Laufen und dabei Musik hören: Millionen tun es, tagtäglich. Aber warum eigentlich?, fragte sich der Redakteur, der bisher auch recht gut ohne Musik im Ohr das Auslangen fand. Und bestellte sich kurzerhand ein paar dieser modernen MP3-Player.

Bloß: welche? Unzählige Modelle existieren, das verriet ein kurzer Klick zum Geizhals. Zahlreiche Hersteller wurden also angeschrieben, auf dass sie speziell für das Laufen (wenn's denn sein muss, auch: Joggen) designte Geräte zur Verfügung stellen mögen. Erstaunlicherweise ließen bei weitem nicht alle etwas von sich hören; nur von Philips kam dabei eine Entschuldigung: Die alte Serie sei gerade am Auslaufen, die neue noch nicht erhältlich, sorry. Sony versprach, die Verfügbarkeit zu prüfen, schickte dann aber nichts. Ein paar weitere antworteten weder so, noch so. Sondern gleich gar nicht.

Egal. Im Rennen blieb der französische Hersteller Archos, der gleich zwei Player schicken ließ, sowie der i.Beat von TrekStor, ein Produkt aus deutscher Wertarbeit (theoretisch; "Made in China" prangt hinten an allen Geräten drauf). Ach ja: Und Apple schickte den iPod Nano 8 GB inklusive dem "Nike+ Sport Kit", mit dem der Musikplayer zum Personal Trainer wird. So viel zum ersten Eindruck. Noch Fragen?

Sportkopfhörer sind eine Option

Es wurde also ein Kampf der Herausforderer gegen den Platzhirschen. Der Davids gegen den Goliath. Eines wurde beim Testen schnell klar: Für sportliche Betätigungen sind alle herkömmlichen Ohrhörer schlecht geeignet. Hier macht es durchaus Sinn, noch etwas Geld in Sportkopfhörer zu investieren, die einen Nacken- oder Ohrbügel aufweisen und deshalb nicht ständig herausplumpsen.

Mehrere weitere Ums und Aufs konnten dann auch noch rasch herausgefiltert werden: Die Kabel der Ohrhörer sollten lang genug sein, um das Gerät überall wo gewünscht unterzubringen, aber auch wieder nicht zu lang, damit man nicht das Gefühl kriegt, eine Kabeltrommel durch die Gegend zu schleppen. Das Gerät sollte außerdem eine möglichst geringe Größe aufweisen, die ein aufwandloses Einstecken irgendwo zwischen Schulter und Gürtellinie - wo es die Adjustierung eben gerade zulässt - ermöglicht.

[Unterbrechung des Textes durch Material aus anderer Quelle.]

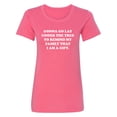 thumbnail image 1 of Gonna Go Lay Under The Tree Womens crewneck tee, 1 of 2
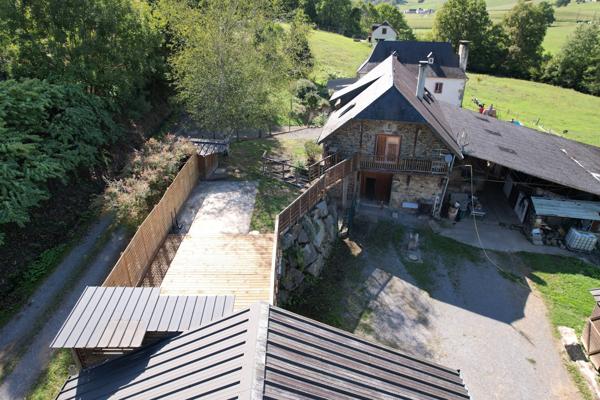 Lanne-en-Barétous (64570) Maison en pleine campagne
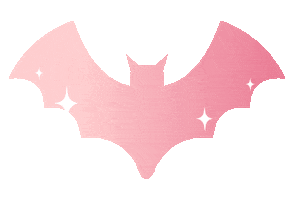 Pink Flying Sticker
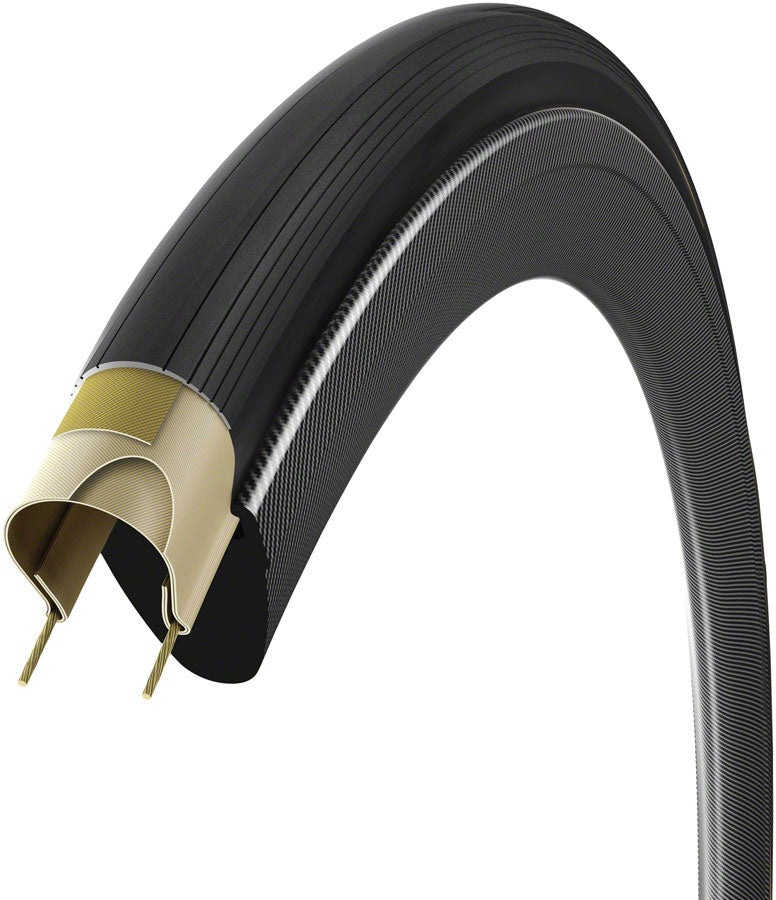 Vittoria Corsa Speed Tire - 700 x 25 Tubeless Folding Black 1C G2.0 Tires Vittoria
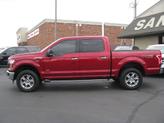 Thumbnail of 2017 Red Ford F-150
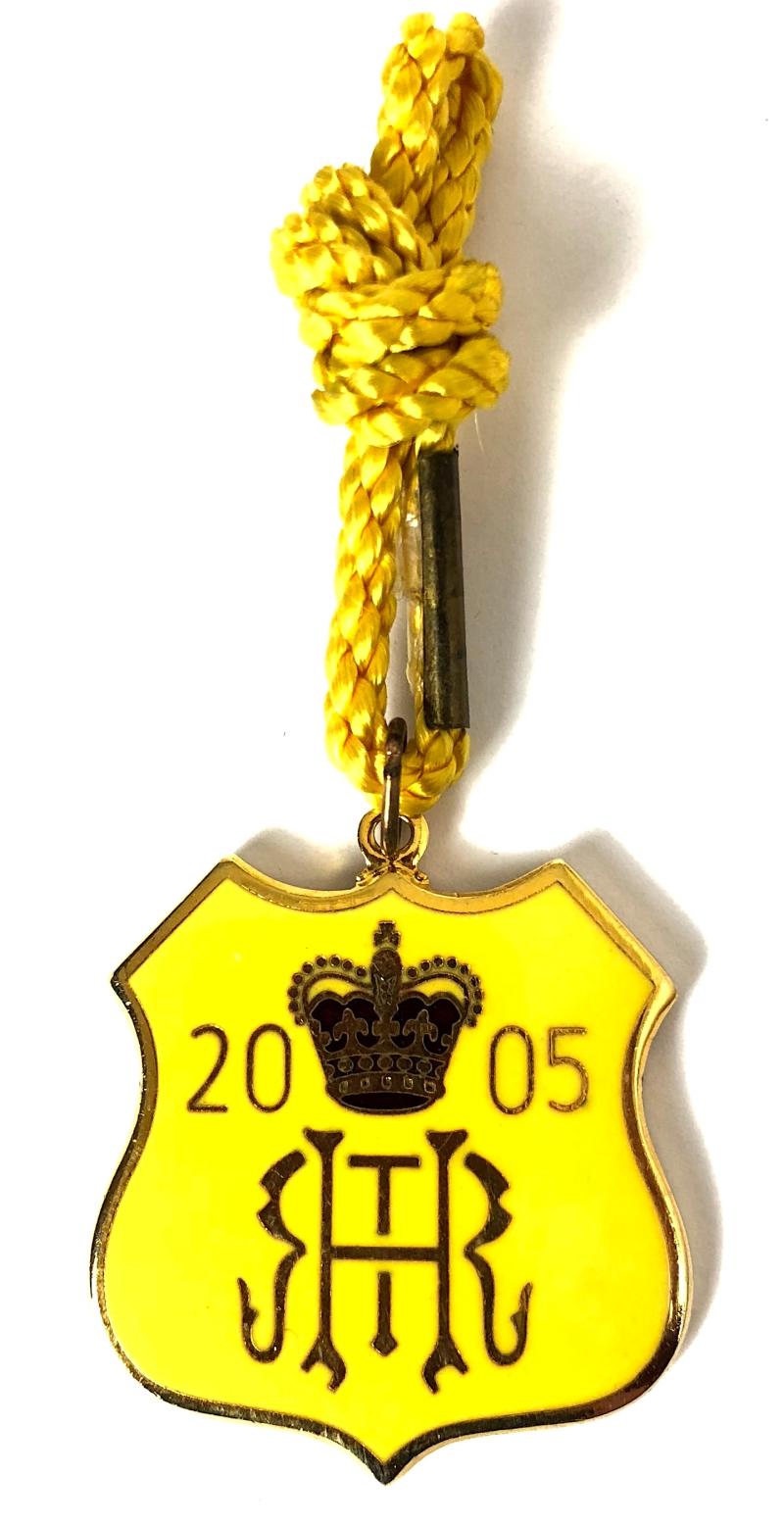2005 Henley Royal Regatta stewards enclosure badge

Knöpfe und ihre Bedienbarkeit

So weit, so gut. In den ersten Testläufen offenbarte sich dann schon das (um hier noch vornehm im Singular zu bleiben) größte Problem der Low-Cost-Produkte (vulgo Herausforderer vulgo Davids): Sie weisen enorme Schwächen auf, wenn es etwa darum geht, im Lauf einen neuen Titel anzuwählen, die Lautstärke zu regeln oder sich auch nur am Display rasch zurechtzufinden. Die Displays sind durch die Bank unbrauchbar, in der Sonne praktisch gar nicht zu lesen. Die Lautstärke ist etwa bei den Archos-Geräten viel zu laut eingestellt, sie muss bei jedem neuen Training erst zurückgedreht werden. Und auch die Bedienbarkeit stellt sich rasch als regelrecht zum Davonlaufen heraus: Das Drücken mancher Knöpfe ist nur mit höchstem Aufwand möglich, weil der notwendige Gegendruck genau dort entstehen müsste, wo sich akkurat ein anderer Knopf befindet. Zumindest ist das beim kleineren Archos-Player (Vision A14VG) so, die anderen beiden wollen an der Vorderfront bedient werden.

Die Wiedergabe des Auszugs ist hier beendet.